Marc Hodak tries to use Mark Hurd's resignation as a way of estimating how much value Hurd contributed to HP:
Lost in the fog of this debate is the presumptive basis of pay in a market economy, i.e., that what one gets paid by a company should roughly reflect what one is worth to the company. So, a relevant question in this debate that is never asked: What is a CEO worth?
Mark Hurd’s sudden, surprise resignation at HP offers a rare glimpse into the answer. In the minutes after the announcement of his firing, HP’s stock declined by over 8 percent in after-hours trading.
Ladies and gentlemen, that’s over $9 billion dollars in market cap.

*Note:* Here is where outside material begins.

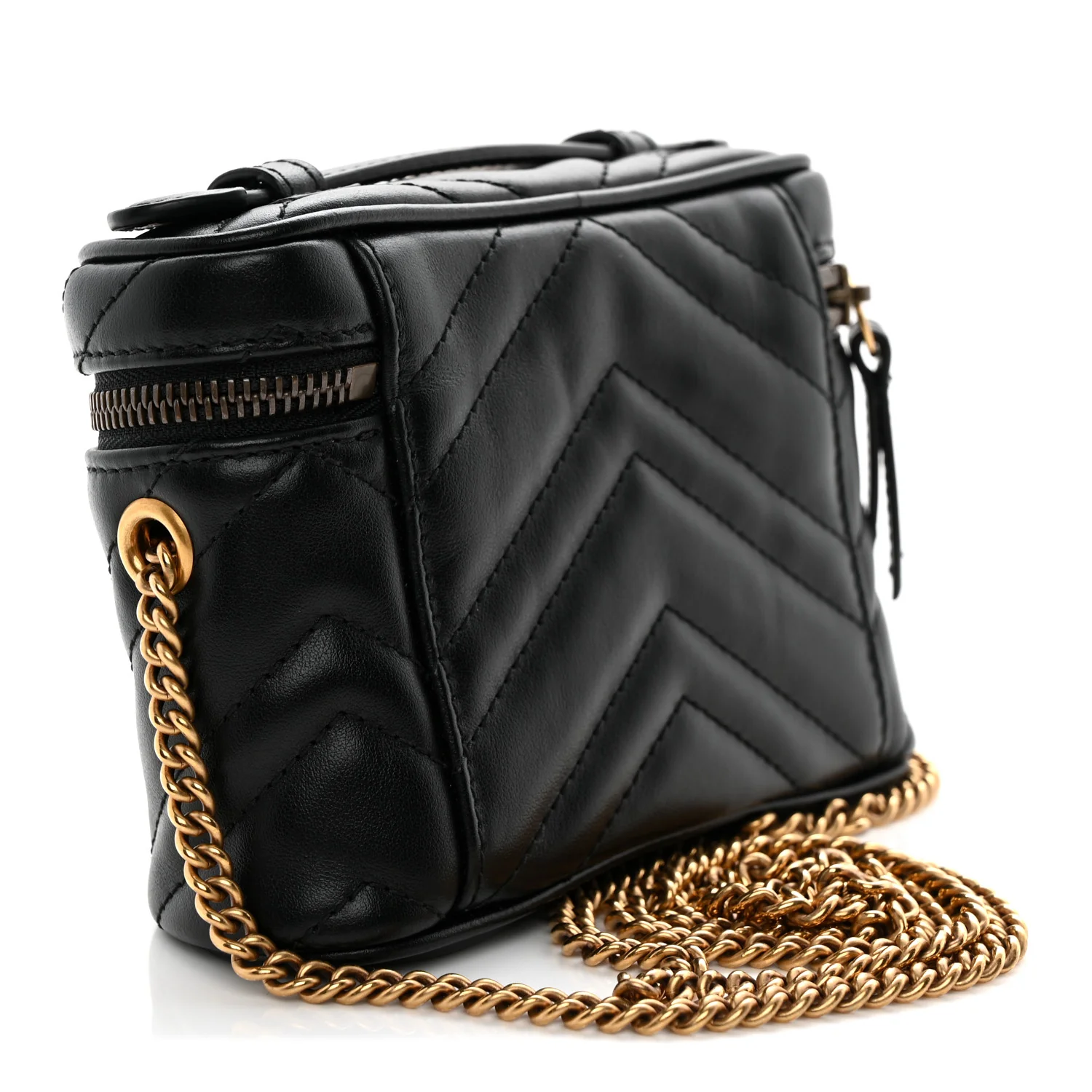 Calfskin Matelasse Chevron Mini GG Marmont Top Handle Bag Black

Keep in mind that the stock market did not assume that HP would go without any CEO at all following Mr. Hurd’s departure; that value decline is the market’s assessment of HP with Mark Hurd as CEO versus someone else as CEO. ...In other words, in the apolitical judgment of equity investors, the only people with the incentive to make this collective judgment correctly, the company would have been better off paying about $2 billion a year for the next five or six years to keep Mr. Hurd than to lose him.
I agree that trying to figure out what a CEO is worth is an important element of the executive compensation debate. I'm not convinced that the Hurd example makes a good case study. There are too many confounding issues:
- Maybe the incident convinced investors that Mark Hurd is dumber than they thought (this seems to be where Tom Smith came out)

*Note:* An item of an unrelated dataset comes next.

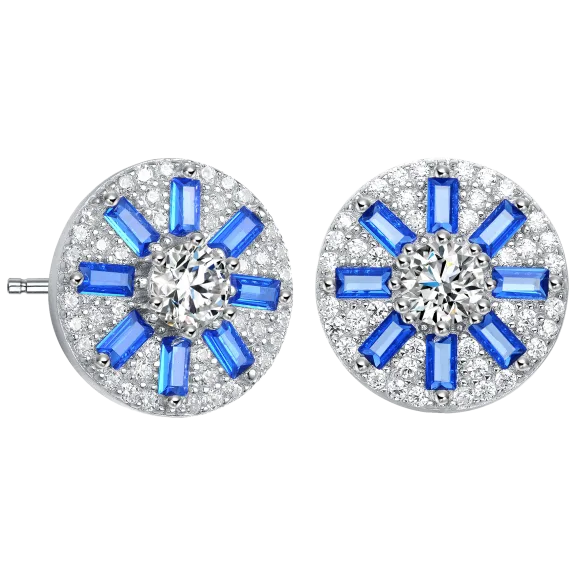 Genevive Sterling Silver Sapphire Blue and Clear Cubic Zirconia Stud Earrings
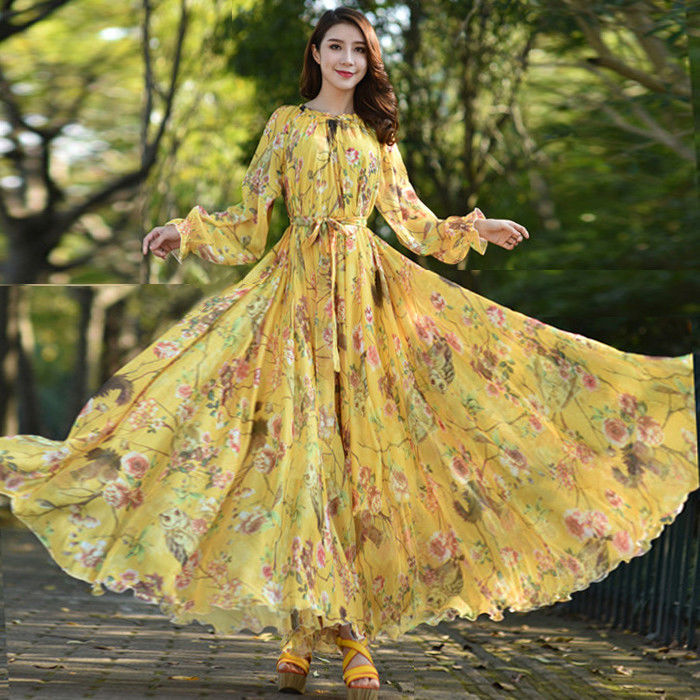 Extra Long Beach Dress Seaside Holiday Chiffon Summer Women's Beach Long Dress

- Maybe investors are concerned that HP's internal controls took so long to find Hurd's misconduct.
- Maybe investors are concerned that HP's board is doing a good job of overseeing management.
- Maybe investors think the bad publicity will hurt HP's business prospects.
- Maybe investors worry that when a new CEO is chosen passed over internal candidates will quit in a huff.
- Maybe investors are very easily spooked these days.
What you need to really get at this issue is a cleaner event with less confounding factors. Like an unexpected death. Of course, even death would have its confounding issues. If a highly entrenched CEO of an under-performing firm died unexpectedly, one might expect the stock price to go up as investors reason that anybody would be better than the late boss.
It's just really hard to disentangle all the variables, let alone control for them.
Update: Larry Ribstein runs a different set of numbers to (a) raise questions about Hurd's tenure and (b) take a slap at SOX and federal criminalization of agency costs.





I certainly agree that there are too many variables to treat any single stock drop as an event study. As I mentioned in the piece you kindly quoted, the investors got new information about Hurd and their company with this disclosure. But it's still legitimate to compare the value of the HP the investors thought they had on Thursday with the company they realized they had after Friday to get at least a hint of what a more intelligent and straight-laced Hurd might be worth.
Posted by: MHodak | 08/09/2010 at 03:38 PM
It's interesting that this sort of measure is proposed to evaluate the value of a CEO, but isn't used to measure the value of Labor. When Labor issues an effective threat to withhold its services, nobody seems to argue that the resulting hit to the stock price is a measure of the actual value of Labor, and should therefore result in higher pay for Labor.
But to return to the topic at hand, I'll add another confounding issue to the professor's list:
-Maybe the sudden, unplanned departure of a chief executive is an inherently de-stabilizing, damaging event.
I'd argue that the professor's speculation about the death of a CEO, however, actually works in favor of the hypothesis that we should value CEOs according to stock price. In theory, the improvement in stock price upon the death of a bad CEO would be a measure of how bad that CEO was - a measure of how much the company would be improved by a merely average CEO.
Posted by: politicalfootball | 08/09/2010 at 04:45 PM
What about looking at the market's reaction to the death of a spouse or child? This might be cleaner than CEO death, which would include judgments on succession planning, disclosures, etc. The loss of a wife or child might tell you more about the short-term value of a CEO, who might be out of work for a period of months, depending on the circumstances.
Posted by: Todd Henderson | 08/09/2010 at 05:22 PM
The impact of the death of an underperforming CEO was observed with the 1983 demise of conglomerate builder Charles Bluhdorn, which was immediately followed by a jump on Gulf+Western's stock price.
Posted by: MHodak | 08/09/2010 at 06:54 PM
One would need to include consideration of investors betting on what other investors will do.